The disadvantage of this way is that it doesn't propagate man pages and other paths from the old derivation. There are multiple ways of solving that:

let
  wrapped = pkgs.writeShellScriptBin "hello" ''
    exec ${pkgs.hello}/bin/hello -t
  '';
in

pkgs.symlinkJoin {
  name = "hello";
  paths = [
    wrapped
    pkgs.hello
  ];
}

Similarly the following works too:

pkgs.symlinkJoin {
  name = "hello";
  paths = [ pkgs.hello ];
  buildInputs = [ pkgs.makeWrapper ];
  postBuild = ''
    wrapProgram $out/bin/hello \
      --add-flags "-t"
  '';
}

If you prefer not to have every file symlinked and have a cleaner result, the following is also possible:

pkgs.runCommand "hello" {
  buildInputs = [ pkgs.makeWrapper ];
} ''
  mkdir $out
  # Link every top-level folder from pkgs.hello to our new target
  ln -s ${pkgs.hello}/* $out
  # Except the bin folder
  rm $out/bin
  mkdir $out/bin
  # We create the bin folder ourselves and link every binary in it
  ln -s ${pkgs.hello}/bin/* $out/bin
  # Except the hello binary
  rm $out/bin/hello
  # Because we create this ourself, by creating a wrapper
  makeWrapper ${pkgs.hello}/bin/hello $out/bin/hello \
    --add-flags "-t"
''

And lastly, there is the possibility of wrapping things right inside the derivation you want to wrap, this is however discouraged and impractical in most cases, as it requires recompilation of it:

pkgs.hello.overrideAttrs (oldAttrs: {
  buildInputs = oldAttrs.buildInputs or [] ++ [ pkgs.makeWrapper ];
  postInstall = oldAttrs.postInstall or "" + ''
    wrapProgram $out/bin/hello \
      --add-flags "-t"
  '';
})

Debugging

Common Errors

Bad configuration option: gssapikexalgorithms

Found when using an SSH binary from Nix on typically RPM-based distros like CentOS, Fedora, Scientific Linux, Redhat, etc. The quick fix: Just comment out the configuration option in the ssh config file, you probably don't need it.

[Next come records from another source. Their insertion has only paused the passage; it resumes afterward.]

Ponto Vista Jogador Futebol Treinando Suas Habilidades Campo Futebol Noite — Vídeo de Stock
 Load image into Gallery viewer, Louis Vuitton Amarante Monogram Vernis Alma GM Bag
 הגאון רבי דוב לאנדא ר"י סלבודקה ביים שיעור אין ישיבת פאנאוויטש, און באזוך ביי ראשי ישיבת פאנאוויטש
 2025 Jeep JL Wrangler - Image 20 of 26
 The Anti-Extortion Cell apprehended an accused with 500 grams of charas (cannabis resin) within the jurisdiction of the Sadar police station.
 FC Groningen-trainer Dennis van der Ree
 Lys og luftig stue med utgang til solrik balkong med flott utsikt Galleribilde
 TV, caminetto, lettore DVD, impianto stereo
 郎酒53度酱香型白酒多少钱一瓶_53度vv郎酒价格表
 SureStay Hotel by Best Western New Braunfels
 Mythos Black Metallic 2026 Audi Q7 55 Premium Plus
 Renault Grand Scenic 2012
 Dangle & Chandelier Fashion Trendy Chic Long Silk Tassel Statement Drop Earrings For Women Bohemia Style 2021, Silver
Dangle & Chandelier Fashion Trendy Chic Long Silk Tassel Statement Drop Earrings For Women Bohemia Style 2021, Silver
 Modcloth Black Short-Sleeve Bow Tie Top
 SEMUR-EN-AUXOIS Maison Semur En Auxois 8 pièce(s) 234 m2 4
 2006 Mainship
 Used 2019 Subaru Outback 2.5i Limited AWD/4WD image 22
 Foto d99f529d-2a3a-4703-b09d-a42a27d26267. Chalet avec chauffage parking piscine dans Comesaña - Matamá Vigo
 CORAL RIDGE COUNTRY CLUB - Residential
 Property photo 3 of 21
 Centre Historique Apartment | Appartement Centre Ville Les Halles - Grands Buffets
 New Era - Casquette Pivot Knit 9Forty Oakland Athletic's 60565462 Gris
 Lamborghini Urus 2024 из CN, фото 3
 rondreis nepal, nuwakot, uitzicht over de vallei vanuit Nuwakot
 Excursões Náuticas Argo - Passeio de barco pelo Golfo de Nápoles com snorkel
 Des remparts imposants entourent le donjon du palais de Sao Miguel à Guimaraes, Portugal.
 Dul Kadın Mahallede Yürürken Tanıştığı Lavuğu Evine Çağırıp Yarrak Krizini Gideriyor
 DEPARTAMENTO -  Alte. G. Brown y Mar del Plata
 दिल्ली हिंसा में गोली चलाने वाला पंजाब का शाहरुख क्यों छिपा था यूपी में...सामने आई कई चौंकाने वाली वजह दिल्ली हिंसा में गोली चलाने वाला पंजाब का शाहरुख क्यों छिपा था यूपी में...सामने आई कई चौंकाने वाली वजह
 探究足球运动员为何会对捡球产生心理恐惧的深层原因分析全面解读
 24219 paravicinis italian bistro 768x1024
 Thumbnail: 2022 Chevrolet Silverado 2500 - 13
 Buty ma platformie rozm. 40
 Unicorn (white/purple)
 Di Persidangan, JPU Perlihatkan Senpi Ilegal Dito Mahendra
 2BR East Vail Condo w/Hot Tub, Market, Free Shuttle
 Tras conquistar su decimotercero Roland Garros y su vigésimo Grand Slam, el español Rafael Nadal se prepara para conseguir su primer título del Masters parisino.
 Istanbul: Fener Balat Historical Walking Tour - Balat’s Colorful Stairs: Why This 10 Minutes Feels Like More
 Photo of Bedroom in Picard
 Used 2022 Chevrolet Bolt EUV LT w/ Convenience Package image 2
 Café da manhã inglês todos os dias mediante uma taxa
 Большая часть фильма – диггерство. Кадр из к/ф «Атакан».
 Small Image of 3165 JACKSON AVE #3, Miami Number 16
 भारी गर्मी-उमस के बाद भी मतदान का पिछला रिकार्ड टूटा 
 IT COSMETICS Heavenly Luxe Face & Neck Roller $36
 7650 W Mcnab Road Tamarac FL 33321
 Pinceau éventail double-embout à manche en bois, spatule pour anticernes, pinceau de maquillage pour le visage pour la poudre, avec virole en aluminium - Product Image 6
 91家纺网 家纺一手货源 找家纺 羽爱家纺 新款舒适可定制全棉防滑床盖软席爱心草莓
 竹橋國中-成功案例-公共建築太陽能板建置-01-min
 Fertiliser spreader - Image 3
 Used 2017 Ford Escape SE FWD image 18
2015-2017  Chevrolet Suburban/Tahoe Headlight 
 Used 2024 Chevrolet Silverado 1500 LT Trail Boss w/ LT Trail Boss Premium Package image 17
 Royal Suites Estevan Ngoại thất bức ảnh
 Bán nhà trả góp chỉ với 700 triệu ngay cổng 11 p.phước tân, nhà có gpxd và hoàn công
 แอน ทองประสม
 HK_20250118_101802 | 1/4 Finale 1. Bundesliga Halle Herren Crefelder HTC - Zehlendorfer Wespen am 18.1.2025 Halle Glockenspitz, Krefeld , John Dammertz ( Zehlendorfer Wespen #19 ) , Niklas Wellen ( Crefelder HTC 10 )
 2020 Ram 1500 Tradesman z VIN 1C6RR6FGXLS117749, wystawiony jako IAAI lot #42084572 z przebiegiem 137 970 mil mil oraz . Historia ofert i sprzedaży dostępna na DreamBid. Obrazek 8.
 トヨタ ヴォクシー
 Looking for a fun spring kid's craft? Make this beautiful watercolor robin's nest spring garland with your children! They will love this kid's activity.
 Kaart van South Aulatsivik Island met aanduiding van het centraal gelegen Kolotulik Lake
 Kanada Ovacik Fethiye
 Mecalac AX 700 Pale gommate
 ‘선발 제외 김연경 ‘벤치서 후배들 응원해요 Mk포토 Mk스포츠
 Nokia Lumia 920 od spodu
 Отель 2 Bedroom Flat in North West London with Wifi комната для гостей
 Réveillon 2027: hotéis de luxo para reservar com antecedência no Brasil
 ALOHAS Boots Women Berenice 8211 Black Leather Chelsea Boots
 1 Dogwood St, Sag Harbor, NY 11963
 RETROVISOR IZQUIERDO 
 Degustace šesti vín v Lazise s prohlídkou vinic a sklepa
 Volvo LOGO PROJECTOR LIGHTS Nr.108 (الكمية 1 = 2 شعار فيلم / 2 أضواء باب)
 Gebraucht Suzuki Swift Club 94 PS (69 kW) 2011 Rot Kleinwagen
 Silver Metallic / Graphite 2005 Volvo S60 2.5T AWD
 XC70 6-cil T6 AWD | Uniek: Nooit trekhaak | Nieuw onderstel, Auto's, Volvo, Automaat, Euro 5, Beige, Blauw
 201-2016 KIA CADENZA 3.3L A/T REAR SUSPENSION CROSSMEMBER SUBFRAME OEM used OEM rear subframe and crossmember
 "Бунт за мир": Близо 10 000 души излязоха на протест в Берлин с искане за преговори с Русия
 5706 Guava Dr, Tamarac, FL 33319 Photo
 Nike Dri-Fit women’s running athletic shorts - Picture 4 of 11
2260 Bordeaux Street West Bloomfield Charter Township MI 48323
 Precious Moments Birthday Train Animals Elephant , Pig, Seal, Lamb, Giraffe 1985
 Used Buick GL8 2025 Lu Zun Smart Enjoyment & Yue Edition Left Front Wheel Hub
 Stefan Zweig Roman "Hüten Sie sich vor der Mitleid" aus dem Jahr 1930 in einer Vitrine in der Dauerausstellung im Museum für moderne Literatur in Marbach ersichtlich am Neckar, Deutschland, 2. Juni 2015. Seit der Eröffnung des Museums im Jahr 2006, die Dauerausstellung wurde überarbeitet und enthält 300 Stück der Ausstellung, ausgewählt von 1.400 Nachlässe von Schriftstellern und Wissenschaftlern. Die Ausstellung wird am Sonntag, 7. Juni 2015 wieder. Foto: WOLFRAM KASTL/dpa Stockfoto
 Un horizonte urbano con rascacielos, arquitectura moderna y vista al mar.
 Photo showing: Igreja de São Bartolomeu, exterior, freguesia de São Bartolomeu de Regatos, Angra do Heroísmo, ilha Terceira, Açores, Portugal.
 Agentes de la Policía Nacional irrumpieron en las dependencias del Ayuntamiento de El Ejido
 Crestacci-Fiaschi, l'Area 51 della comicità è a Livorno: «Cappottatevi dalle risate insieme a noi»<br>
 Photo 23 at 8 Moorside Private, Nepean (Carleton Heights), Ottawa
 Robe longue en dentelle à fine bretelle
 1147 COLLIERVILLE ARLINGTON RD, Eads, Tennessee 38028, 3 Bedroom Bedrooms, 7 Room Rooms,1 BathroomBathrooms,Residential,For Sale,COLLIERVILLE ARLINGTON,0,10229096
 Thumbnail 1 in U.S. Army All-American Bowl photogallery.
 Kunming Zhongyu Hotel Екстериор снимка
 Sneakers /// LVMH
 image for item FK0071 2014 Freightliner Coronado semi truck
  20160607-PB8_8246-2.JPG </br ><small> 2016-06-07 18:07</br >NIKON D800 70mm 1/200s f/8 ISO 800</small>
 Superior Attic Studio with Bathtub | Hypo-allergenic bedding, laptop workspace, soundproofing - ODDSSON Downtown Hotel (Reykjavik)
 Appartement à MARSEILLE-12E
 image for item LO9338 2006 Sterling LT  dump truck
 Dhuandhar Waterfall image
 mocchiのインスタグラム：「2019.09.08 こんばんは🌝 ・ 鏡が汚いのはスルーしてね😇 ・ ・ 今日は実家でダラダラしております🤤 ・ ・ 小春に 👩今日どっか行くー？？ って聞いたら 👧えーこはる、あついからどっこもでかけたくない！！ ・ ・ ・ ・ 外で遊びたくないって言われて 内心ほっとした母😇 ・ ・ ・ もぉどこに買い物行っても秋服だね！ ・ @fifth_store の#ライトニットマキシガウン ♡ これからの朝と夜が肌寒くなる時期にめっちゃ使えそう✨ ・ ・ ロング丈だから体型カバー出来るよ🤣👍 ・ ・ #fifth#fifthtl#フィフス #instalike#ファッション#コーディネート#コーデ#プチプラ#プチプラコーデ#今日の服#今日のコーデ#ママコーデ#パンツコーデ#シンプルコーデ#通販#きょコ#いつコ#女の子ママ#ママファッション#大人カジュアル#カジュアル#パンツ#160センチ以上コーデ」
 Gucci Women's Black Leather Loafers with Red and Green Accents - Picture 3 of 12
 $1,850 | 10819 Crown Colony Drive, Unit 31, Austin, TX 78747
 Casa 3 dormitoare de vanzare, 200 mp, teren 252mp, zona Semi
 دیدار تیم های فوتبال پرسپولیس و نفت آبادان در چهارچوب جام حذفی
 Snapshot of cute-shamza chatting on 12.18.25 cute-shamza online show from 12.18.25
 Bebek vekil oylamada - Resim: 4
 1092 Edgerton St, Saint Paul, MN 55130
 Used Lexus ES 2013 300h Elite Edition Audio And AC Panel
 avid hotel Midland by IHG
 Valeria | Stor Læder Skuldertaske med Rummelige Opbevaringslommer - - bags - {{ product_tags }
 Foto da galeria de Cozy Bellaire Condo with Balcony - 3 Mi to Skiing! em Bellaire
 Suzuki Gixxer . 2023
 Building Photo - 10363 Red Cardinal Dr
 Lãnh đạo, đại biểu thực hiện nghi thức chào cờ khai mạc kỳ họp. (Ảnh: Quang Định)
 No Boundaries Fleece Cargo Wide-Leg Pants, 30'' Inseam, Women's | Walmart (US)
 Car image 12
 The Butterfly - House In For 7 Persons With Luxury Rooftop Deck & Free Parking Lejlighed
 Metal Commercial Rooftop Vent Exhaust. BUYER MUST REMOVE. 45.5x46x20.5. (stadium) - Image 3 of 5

Desktop Environment does not find .desktop files

IF your DE does not look in $HOME/.nix-profile/share for .desktop files. You need to add that path to the XDG_DATA_DIRS, the position reflects precedence so files in earlier directories shadow files in later directories. This can be accomplished in various ways depending on your login manager, see Arch wiki: Xprofile for more information. For example using ~/.xprofile as follows:

$ export XDG_DATA_DIRS=$HOME/.nix-profile/share:/usr/local/share:/usr/share

Notice that you have to include the default locations on your system, otherwise they will be overwritten. Find out the proper paths using echo $XDG_DATA_DIRS. (Note: export XDG_DATA_DIRS=$HOME/.nix-profile/share:$XDG_DATA_DIRS did not work, XDG_DATA_DIRS ended up containing only $HOME/.nix-profile/share: which isn't even a valid path.)

NOTE: The above fix will make your programs installed by nix visible in your application menu, but you still will not be able to run them, because they are symlinked outside your XDG_DATA_DIRS paths, and are not executable (one or the other criteria must be met to run the program from a menu). This impacts KDE users, and potentially others. I noticed that on native NixOS with KDE, NixOS adds all these paths for each application to one's XDG_DATA_DIRS variable.

error: The option has conflicting definitions

If while doing a

nixos-rebuild switch

you see an error like:

building Nix...
building the system configuration...
error: The option `systemd.services.postfix.serviceConfig.PIDFile' has conflicting definitions, in `/nix/var/nix/profiles/per-user/root/channels/nixos/nixos/modules/
services/mail/postfix.nix' and `/etc/nixos/configuration.nix'.
(use '--show-trace' to show detailed location information)

This means exactly what it says, but how to fix it? Assuming one of the nix files is your configuration file, then you want your version to stick, and not the version from some maintainer somewhere, you can use

mkOverride

, which is a nix property defined in lib. so in the example above, the option in conflict is 'systemd.services.postfix.serviceConfig.PIDFile', so to override it you would do something like:

systemd.services.postfix.serviceConfig.PIDFile = lib.mkOverride 0 "mynewvalue";

which will override the other value, and force yours to have priority.